Où en êtes-vous avec votre demande de naturalisation ?

Il est important que j’explique aux Sénégalais pourquoi je fais une demande de naturalisation. Avec l’appui du CNJ de judo, j’ai, en effet, déposé une demande de naturalisation en décembre 2012. Les membres du Comité m’appuient, d’autant plus qu’ils sont aujourd’hui à la recherche de solutions pour développer le judo, accélérer les efforts déjà consentis depuis le mois de février. Et, je suis prête à mettre mes qualités de combattante au service du Sénégal lors des joutes internationales pour rapporter des médailles. D’ailleurs, je peux dire que je fais déjà partie intégrante de l’équipe nationale du Sénégal, parce que je m’entraîne avec eux depuis longtemps, et ce serait un réel plaisir de les rejoindre pour de vrai. Ce serait également une manière de remercier le Sénégal et les sénégalais pour l’accueil qui m’a été réservé ici.
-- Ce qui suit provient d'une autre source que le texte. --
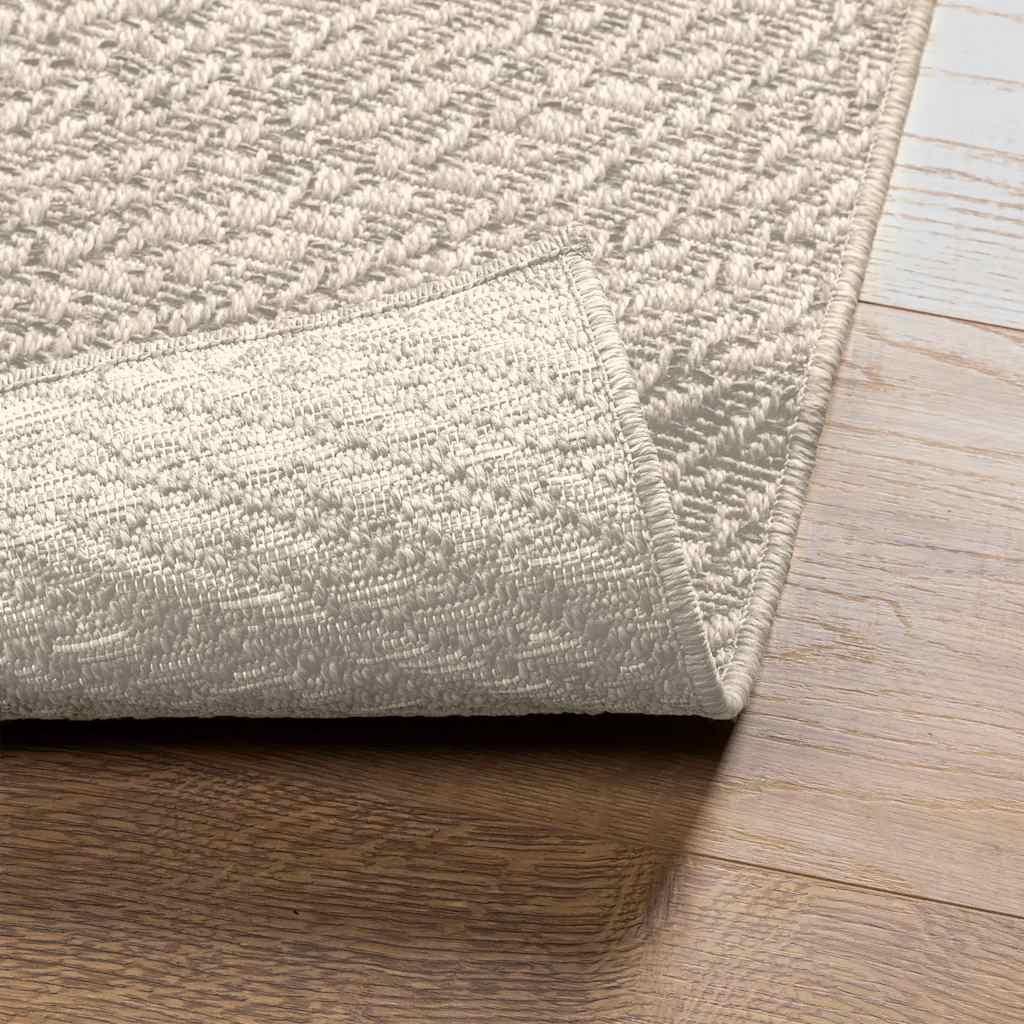 Tapis ZIZUR Crème 80x200 cm Aspect Jute Intérieur et Extérieur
Que comptez-vous apporter au judo sénégalais ?

Je veux montrer une autre manière de pratiquer le judo. Cela veut dire montrer que des choses sont possibles. Je fais du judo parce que c’est là que je suis douée. Je ne suis pas née avec une cuillère d’argent dans la bouche. J’ai eu des moments très difficiles. Je tiens, toutefois, à le préciser. J’ai de très bons rapports avec la France. Ce n’est pas que je tourne le dos à mon pays d’origine. Non. Seulement, j’ai trouvé ici, au Sénégal, la force de continuer à combattre. J’ai passé quatre (4) ans en équipe de France en cadettes et juniors. J’ai même disputé les championnats d’Europe aux côtés de Teddy Riner en 2005, à Salzburg en Autriche. J’ai remporté les championnats de France en cadettes et j’ai été sur le podium des championnats de France en juniors. J’ai donc un parcours en France et ce n’est pas, non plus, parce que je ne veux plus représenter mon pays. Au Sénégal, on me dira qu’il n’y a pas assez de moyens financiers, qu’il y a un manque d’infrastructures. Mais il y a bien plus ici. Il y a une communauté, un challenge et un potentiel à développer. Et sportivement parlant, c’est immense.

Que faire pour développer le potentiel dont vous parlez ?

Il faut d’abord faire de sorte que chaque athlète s’entraîne dans de bonnes conditions. Arrêtez de toujours faire porter le chapeau des défaites ou les autres choses négatives aux autres. Se remettre en question à titre individuel. Si j’accepte de représenter le Sénégal, c’est que j’accepte toutes ces conditions. Maintenant, si je veux que les choses changent, c’est à moi d’aller chercher les moyens. Mais d’abord, il s’agit de montrer une image positive et les valeurs du sport, le code moral du judo.

Ceci est-il suffisant ?

A côté de la compétition, le côté social et humain du sport est tout aussi important. Il y a 20 ans, le Sénégal avait une bonne image sportive, avait de bons résultats et bénéficiait beaucoup des aides de pays comme la France, le Japon ou encore l’Espagne. Pourquoi aujourd’hui, on ne bénéficie plus de ces soutiens ? Ce n’est pas à moi de répondre à cette question.

Vous œuvrerez donc pour la relance du judo sénégalais ?

Bien sûr ! D’ailleurs, ce n’est pas une relance, car il y a des gens qui sont là, qui y travaillent déjà. On a un potentiel. Il y a Hortense Diédhiou, une grande sportive que j’ai pu côtoyer en France. Une teigne des tatamis, très motivée. Je ne sais pas où elle cherche sa force. Mais en tout cas, elle se donne les moyens d’y arriver. Les plus jeunes doivent suivre son exemple. Il faut de la motivation, mais aussi un esprit de groupe et de la solidarité. J’espère que les futurs athlètes resteront dans le pays. Vous savez, c’est l’élite d’un sport donné qui est la vitrine pour un pays. Si l’élite du judo montre l’exemple, affiche des ambitions fortes, le regard des autorités changera forcément. J’espère qu’on aura plus d’aide et qu’on arrêtera de critiquer à tout va. J’espère aussi que les sponsors se tourneront vers le judo pour mieux le soutenir comme ils le font pour la lutte, par exemple.

Vos ambitions pour les prochaines compétitions…

C’est de ramener une médaille d’or des championnats d’Afrique, et je travaille dur pour ça. Je m’entraîne matin, midi et soir. Les prochaines années, j’ambitionne de figurer dans le top 20 ou top 30 mondial. Et bien entendu, aller aux JO et ramener une seconde médaille olympique au pays. Me donner les moyens d’aller encore plus loin.